From: Dace (edace@earthlink.net)
Date: Mon 02 Jun 2003 - 00:36:59 GMT
> From: joedees@bellsouth.net
> >
> > The brain does not contain records of memories but mere "traces" that
> > point us to them. A trace can be wiped clean at the moment we
> > remember it because, now that we recall it, we don't need the trace
> > anymore. But we'll need it the next time we want to recall it. So
> > the trace is re-fixed. But if the fix isn't carried out, there's
> > nothing left, no "dynamized" or "fluidified" or "unmoored" relic.
> > Simply nothing.
> >
> No, a memory that has been accessed is still in the brain, it is just in
the
> realm of attention rather than being stored.
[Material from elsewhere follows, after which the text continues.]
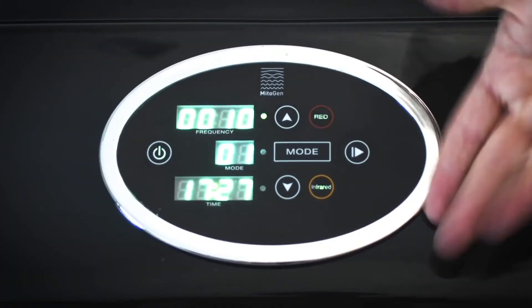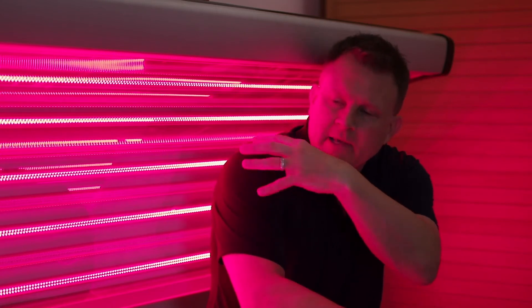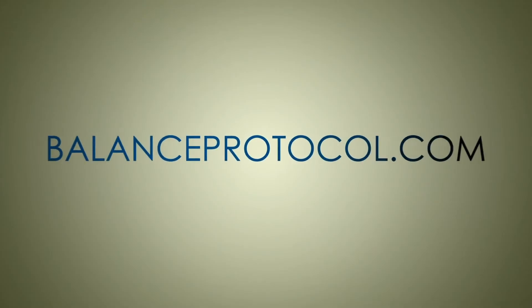Here's the panel for the full body light pod by Mitogen. Actually shining these lights — like the Eucromia laser and stuff like that — through people's clothes? That is classic Wizard of Oz behind the curtain, straight-up lying misrepresentation.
If it is not chemically
> blocked from doing so, the very act of reaccessing it causes the axons,
> dendrites and synapses, through the electrical-stimulation-induced
> production of the MAP-2 protein, to strengthen their myelin sheaths,
> increasing the fixation of the memory pattern and therefor reinforcing
> the memory.
Rather than answer my point directly, you seem to be rehearsing your
neurology jargon.
> > > Lawrence:
> > >
> > > Dace, '"reconstituted" from scratch' sounds like an unmitigated
> > > contradiction in terms to me. Can you explain how it isn't?
> >
> > Ted:
> > It is a contradiction, Lawry. You can't reconstitute something from
> > nothing, and there's nothing in the brain that could provide the model
> > for reconstituting a memory trace once the memory is recalled.
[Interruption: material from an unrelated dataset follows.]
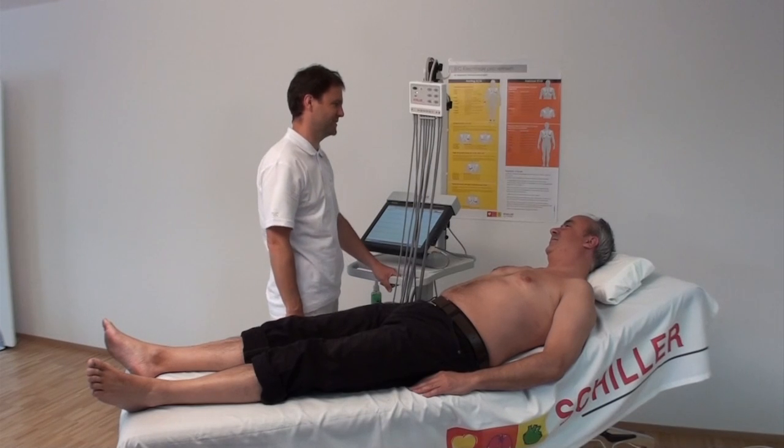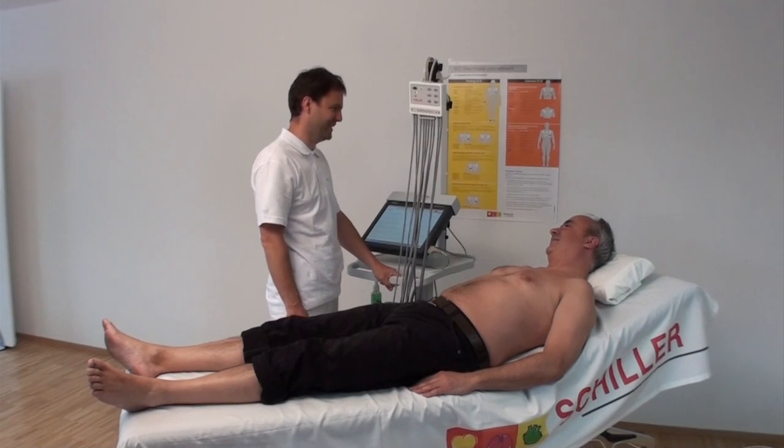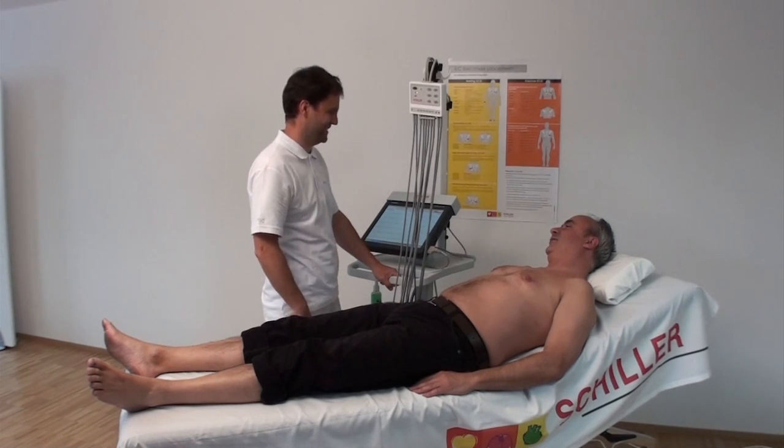In this instruction we show you how to apply the electrodes in order to achieve a good electrical signal and ensure a successful recording. The unit used is the MS 2015 with the Schiller Vacuum Electrode System.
> > Therefore reconstitution of the memory trace proceeds through active
> > recollection of the past. Without true memory, a trace would indeed
> > have to be reconstituted from scratch-- an impossibility.
> >
> Joe:
> Once again, Dace attempts to sneak his pet Sheldrakean 'morphic
> resonance' magickal mystical Einsteinian-spacetime-denying woo-woo
> in through yet another back door he mistakenly thinks he has
> discovered. But doors leading the serious and ungullible to such
> pseudoscientific and nonsensical absurdities just ain't there.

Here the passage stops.